Because the mouse driver gives you CX = 8 * Column, we need a division by 8, and because for every charactercell in the video memory we use a word, we need to multiply by 2. The combo means we need to divide by 4 which a double shift to the right can do most efficiently.
imul di, 20 ; Multiply the value of DI by 20 (the width of the window in characters)
The reasoning in the comment is wrong! Multiplying by 20 is only shortcut-arithmatic.

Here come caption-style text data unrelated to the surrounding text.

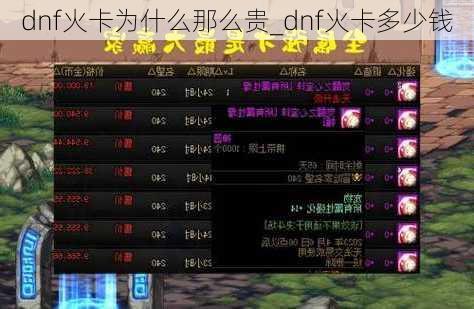 dnf火卡为什么那么贵_dnf火卡多少钱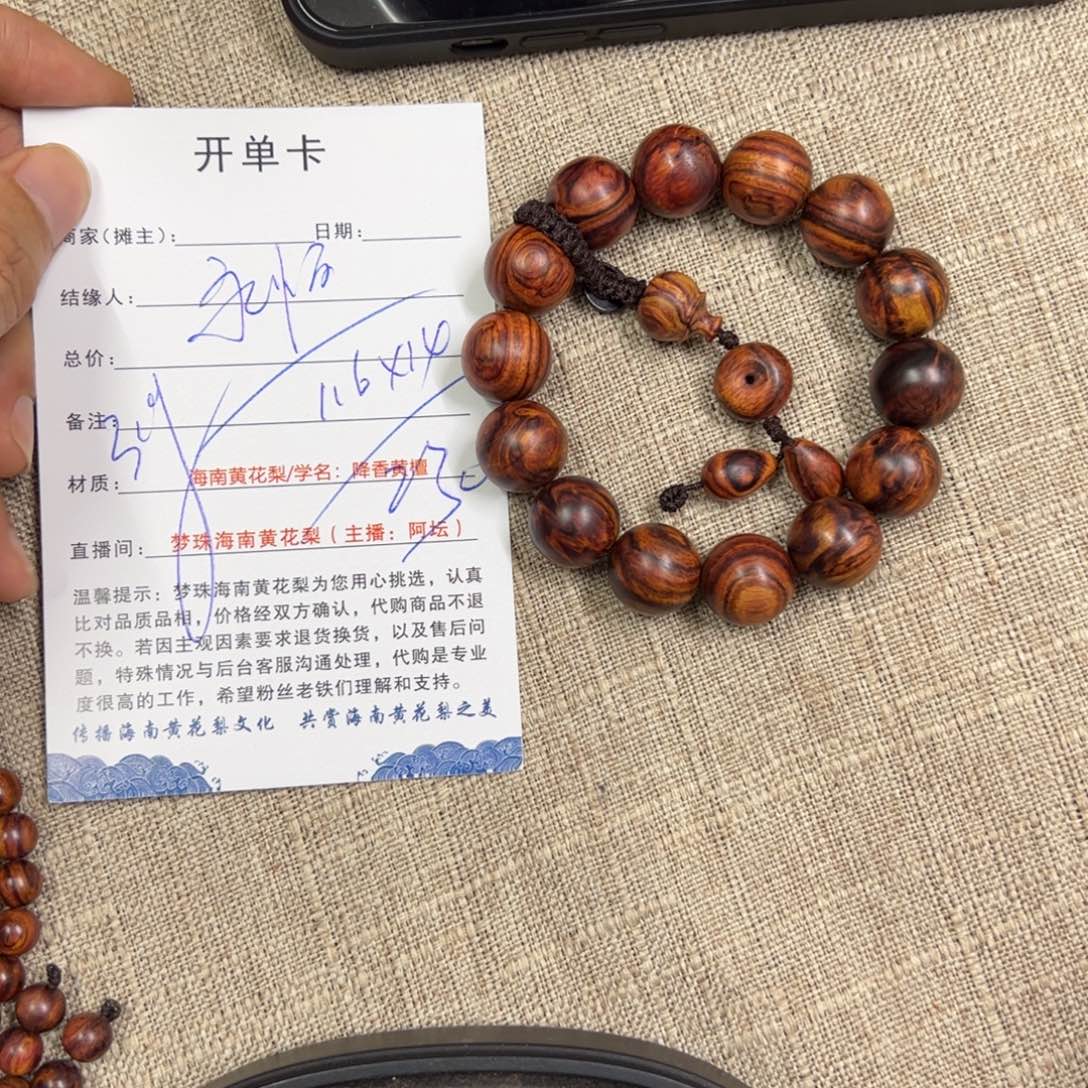 永***恒手串/手链黄花梨/降香黄檀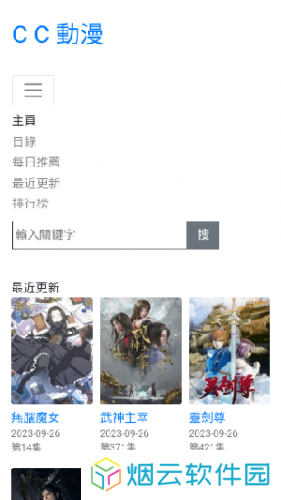 CC动漫免费版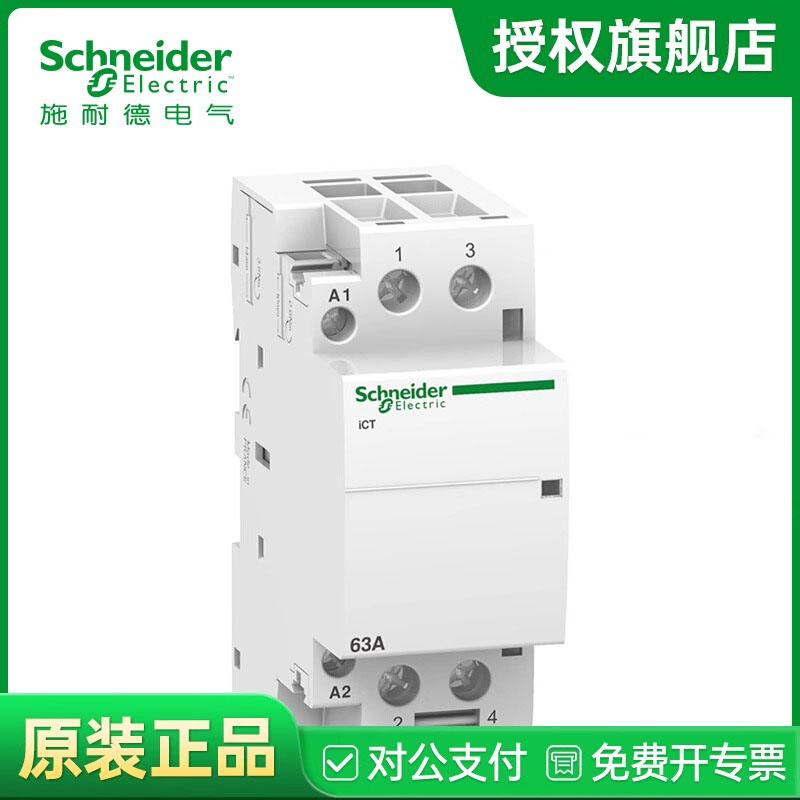 施耐德电气 ICT 1P/2P/3P/4P NO 16A/25A/40A/63A IACTS 接触器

Because the mouse driver gives you DX = 8 * Row, we need a division by 8, and because for every row of characters in the video memory we use 160 bytes, we need to multiply by 160. The combo means we need to multiply by 20.
mov bh, bl ; Copy the lower byte to the upper byte of the BH register (to preserve the color) mov al, ah ; Copy the upper byte to the lower byte (to preserve the character)
These operation aren't preserving anything! And in the latter case, it is the root problem of why "the program changes the color of a symbol other than the one I clicked on with my cursor".
shr cx, 2
imul di, dx, 20
add di, cx
test dx, dx
jnz another_row
first_row:
mov al, es:[di+1] ; Get the value of the attribute
mov style, al ; Store the color in the style variable
jmp to_end ; Jump to the end of the procedure
another_row:
mov al, style
mov es:[di+1], al ; Change the value of the attribute
to_end:
See that with es:[di+1]
you can address the attribute byte directly.
And imul di, dx, 20
(one of the finest x86 instructions around) does DI = DX * 20.